To assess the antiproliferative activity of this protein, we supplemented the culture medium with an ATP-agarose purified Hsc70 from serum-free conditioned medium, as described in Figure 2C. Increasing nanomolar amounts of Hsc70 were then added to log phase proliferating cells. As shown in Figure 6A, up to 2 nM purified Hsc70 markedly decreased cell proliferation in a dose-dependent manner. Thereafter, higher amounts of Hsc70 did not significantly influence cell proliferation. Hsc70 decreased cell proliferation to 24% (i.e. 76% inhibition) as compared to an inactive fraction used as control. To determine whether or not the binding site of extracellular Hsc70 was required for its antiproliferative activity, we used an RNase A protein bounding Hsc70 at position 450–462 through its KFERQ sequence (Agarraberes et al., 1997) (residues 7-11 from RNase A). The RNAse A from up to 1 μg/ml totally reversed the inhibitory effect of conditioned medium from confluent cells (CM) (Figure 6B). This indicated that the binding of Hsc70 to proteins containing KFERQ was probably required to avoid proliferation. Moreover, the addition of the S-peptide (Chiang et al., 1989) (corresponding to the 1–20 N-terminal amino acids of RNAse A) prevented much of the activity of the conditioned medium thereby suggesting that extracellular Hsc70 played a major role in the growth inhibition (Figure 6C). On the contrary, the additional growth inhibition observed after serum withdrawal was not totally prevented by S-peptide, indicating that serum may contain an additional factor. Moreover, retention of Hsc70 by ADP-agarose partially prevented the antiproliferative effect of CM (Figure 6D). Altogether, these data indicated an antiproliferative activity of extracellular Hsc70 requiring the binding to the substrate containing the KFERQ sequence.

Figure 6
Effect of purified Hsc70 and Hsc70 competitors on cell growth

Effect of Hsc70 on human breast cancer cell lines and cath D modulation

Extracellular Hsc70 also modulated the growth of human cancer cells (Figure S1). Recombinant Hsc70 but not Hsp70 decreased by 25% and 20% the proliferation of MCF7 (Figure S1-A) and MDA-MB-231 (Figure S1-B) cells, respectively. The treatment with pepstatin A significantly increased Hsc70 secretion (Figure S2-A) in both cell lines. Moreover, by silencing cath D, an increase in Hsc70 secretion was observed in both cell lines. (Figure S2-B).
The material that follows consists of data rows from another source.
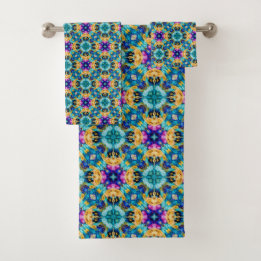 Aurora Blossom Tapestry Bath Towel Set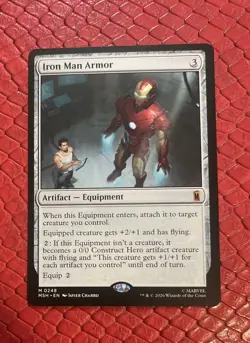MTG Iron Man Armor Marvel Super Heroes Regular - Image 1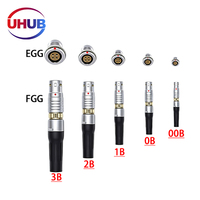 Connecteur audio-vidéo push-pull auto-bloquant série B UHUB, direct usine, série B 3B, 2-32 broches, contacts en laiton, courant nominal 12A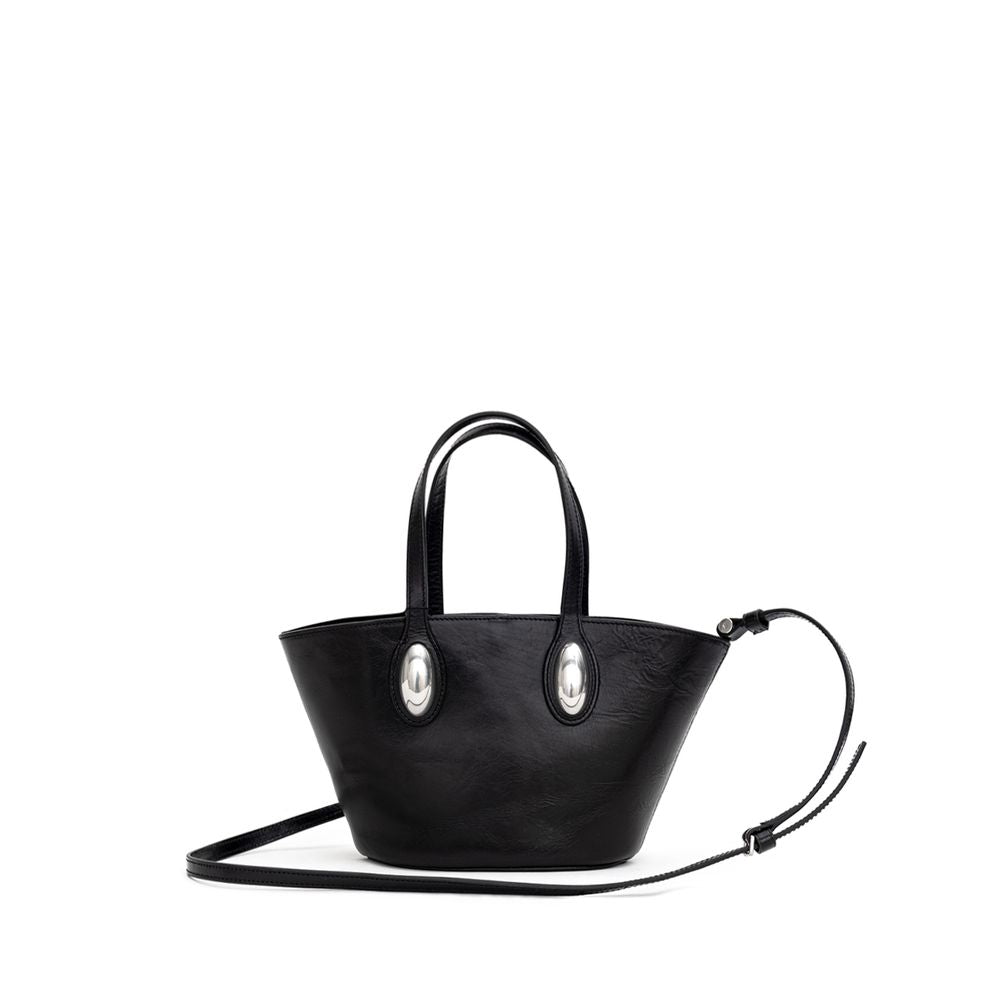 Borsa a tracolla in pelle nera di Alexander Wang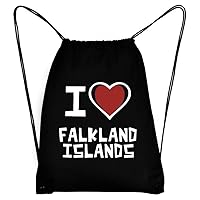 I love Falkland Islands Bicolor Heart Sport Bag 18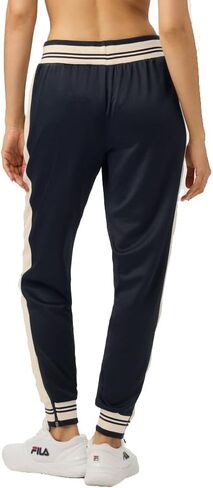 Fila Performance Iconic Settanta Womens Tennis Pant Black/Angora Large in Kuwait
This study provides evidences of the contribution of Hsc70 in cancer cell growth regulation through secretion of this protein in the extracellular environment. We isolated this extracellular protein for its antiproliferative activity and identified it as the heat shock cognate 70 protein through microsequencing of trypsin fragments. The sequence of the fragment at the amino-terminal end of the protein is characteristic of the Hsp70/Hsc70 family within the ATP-binding site of the protein (Munro & Pelham, 1986; Sorger & Pelham, 1987). Retention of the protein on an ATP-affinity chromatography column suggests that a functional ATP binding site is present on the molecule. In addition, the carboxy-terminal end of the protein fragment allowed us to clearly identify this protein as the rat Hsc70 isoform 1, since this Cterm sequence is specific to the Hsc70 isoform 1 and is missing within isoform 2 (Tsukahara et al., 2000), in addition to the monoclonal antibody recognition which discriminates an antigenic determinant localized only within the specific isoform 1 protein. This 646 residue protein was highly conserved during mammalian evolution and differs only by the N579S amino-acid change between human and mouse or rat (O’Malley et al., 1985) whereas the hsp70-gene family is characterized by a large diversity (Brocchieri et al., 2008). In addition, the identification of this protein as being Hsc70 was confirmed by the fact that an Hsp70 antibody was not able to recognize this protein. This protein was eluted in a gel filtration system as a single active peak corresponding to approximately 290 kDa, indicating that the protein may exist as a multimeric (possibly tetrameric) species. Such self-association has been described via size-exclusion chromatography when an Hsc70 concentration of over 4 μM was loaded onto a fast pressure liquid chromatography column (Fouchaq et al., 1999).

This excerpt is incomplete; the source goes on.